▶ [AVAILABLE DATA]
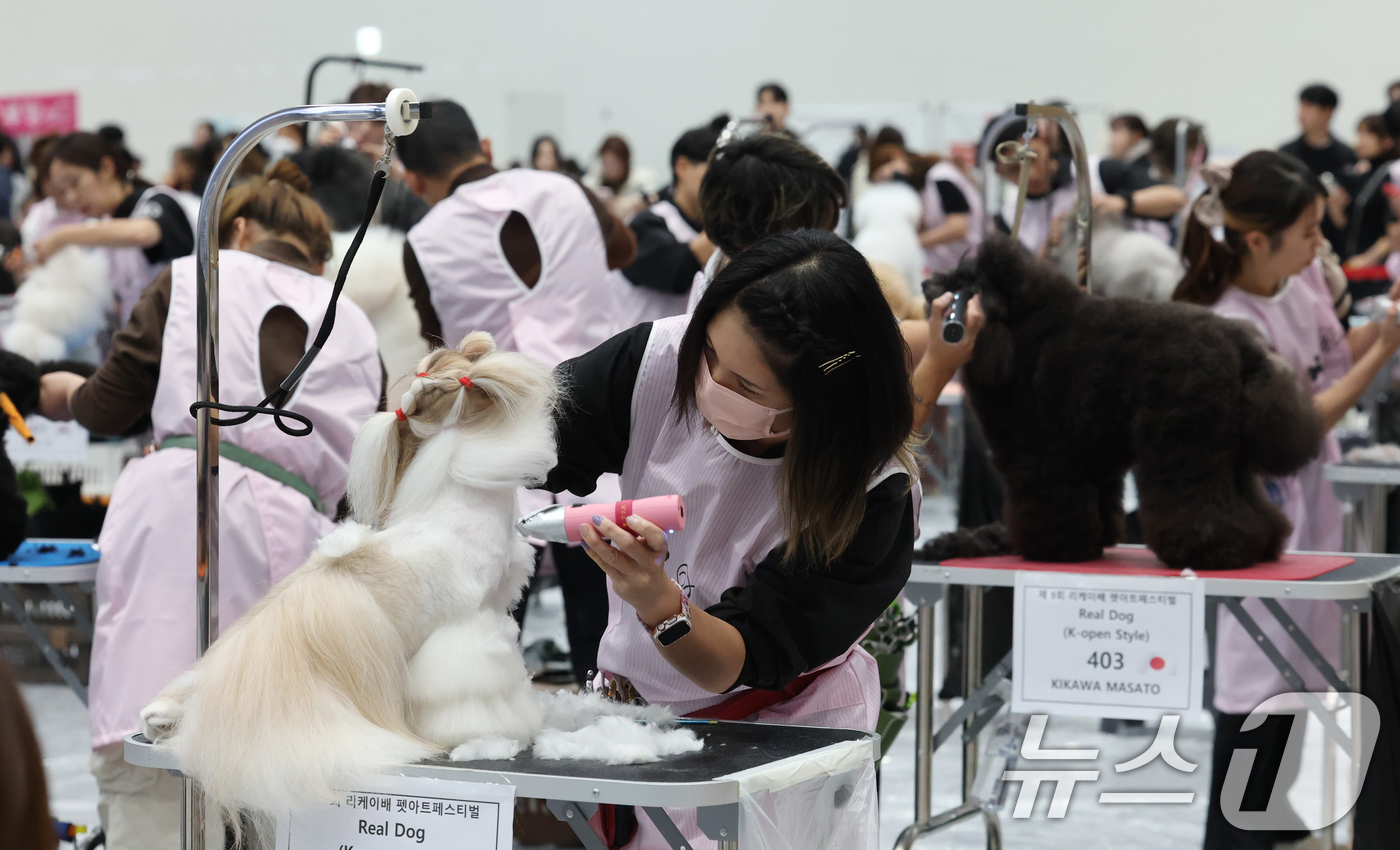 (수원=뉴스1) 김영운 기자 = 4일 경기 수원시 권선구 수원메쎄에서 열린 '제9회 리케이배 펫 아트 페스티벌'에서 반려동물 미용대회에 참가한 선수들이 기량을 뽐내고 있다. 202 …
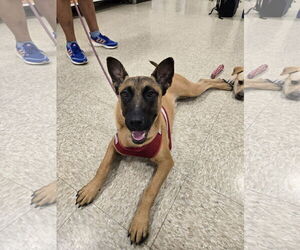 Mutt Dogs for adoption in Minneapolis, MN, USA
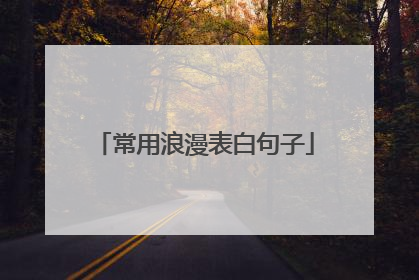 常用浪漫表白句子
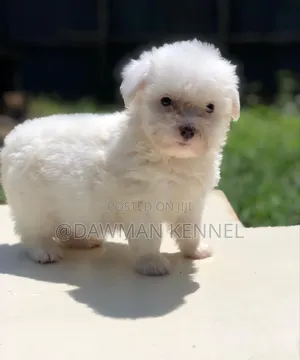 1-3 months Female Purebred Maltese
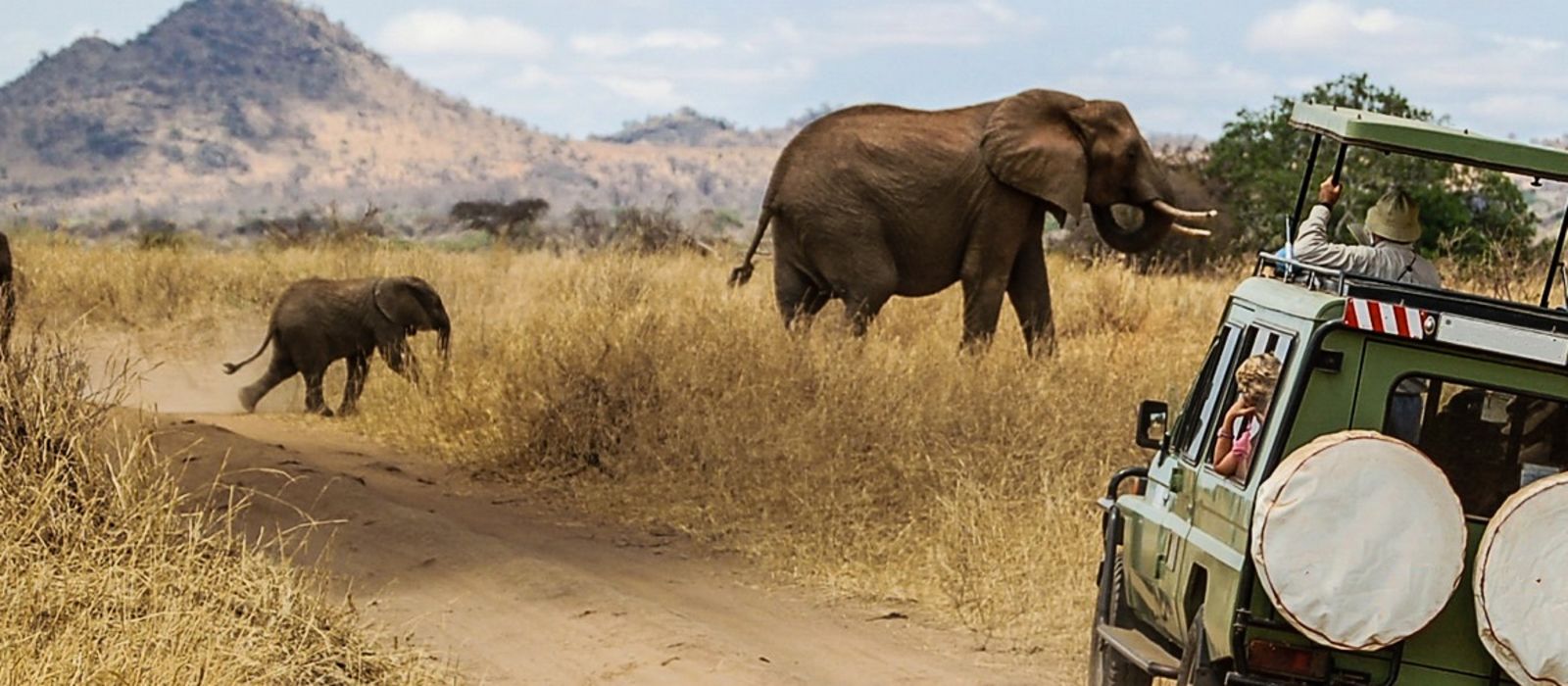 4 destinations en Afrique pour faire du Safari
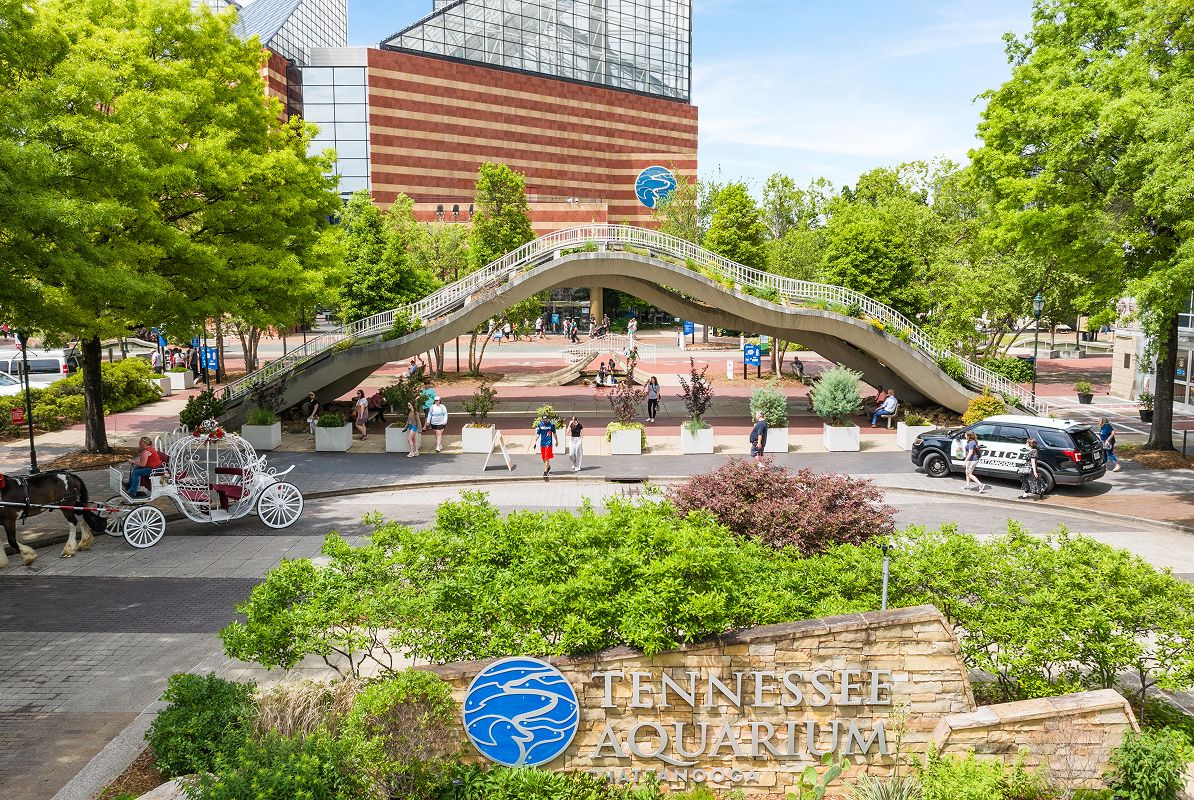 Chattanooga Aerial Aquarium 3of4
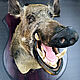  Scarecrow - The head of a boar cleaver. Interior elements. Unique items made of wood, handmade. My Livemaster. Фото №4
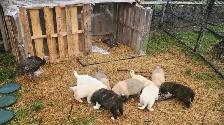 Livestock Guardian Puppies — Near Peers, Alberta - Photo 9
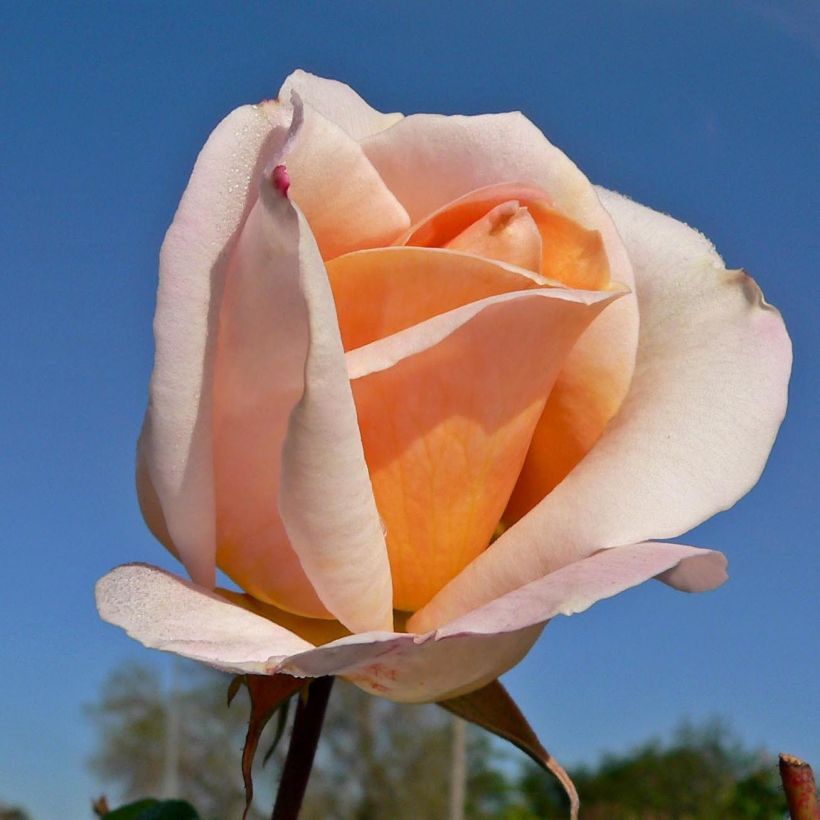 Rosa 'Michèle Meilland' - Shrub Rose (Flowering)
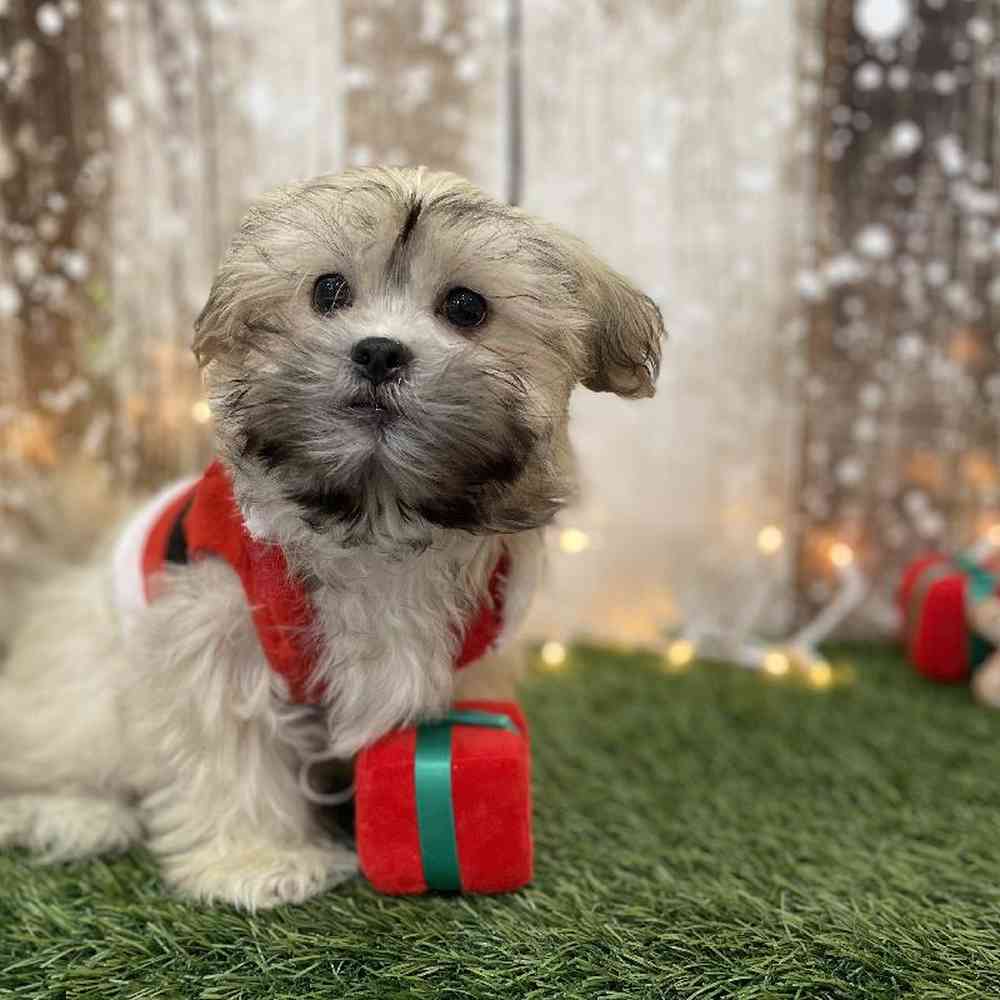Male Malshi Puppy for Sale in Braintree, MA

▶ [WHAT TO PRODUCE] Copy out every line of the material above precisely, omitting the pictures.

▶ [TASK ANSWER]
 (수원=뉴스1) 김영운 기자 = 4일 경기 수원시 권선구 수원메쎄에서 열린 '제9회 리케이배 펫 아트 페스티벌'에서 반려동물 미용대회에 참가한 선수들이 기량을 뽐내고 있다. 202 …
 Mutt Dogs for adoption in Minneapolis, MN, USA
 常用浪漫表白句子
 1-3 months Female Purebred Maltese
 4 destinations en Afrique pour faire du Safari
 Chattanooga Aerial Aquarium 3of4
  Scarecrow - The head of a boar cleaver. Interior elements. Unique items made of wood, handmade. My Livemaster. Фото №4
 Livestock Guardian Puppies — Near Peers, Alberta - Photo 9
 Rosa 'Michèle Meilland' - Shrub Rose (Flowering)
Male Malshi Puppy for Sale in Braintree, MA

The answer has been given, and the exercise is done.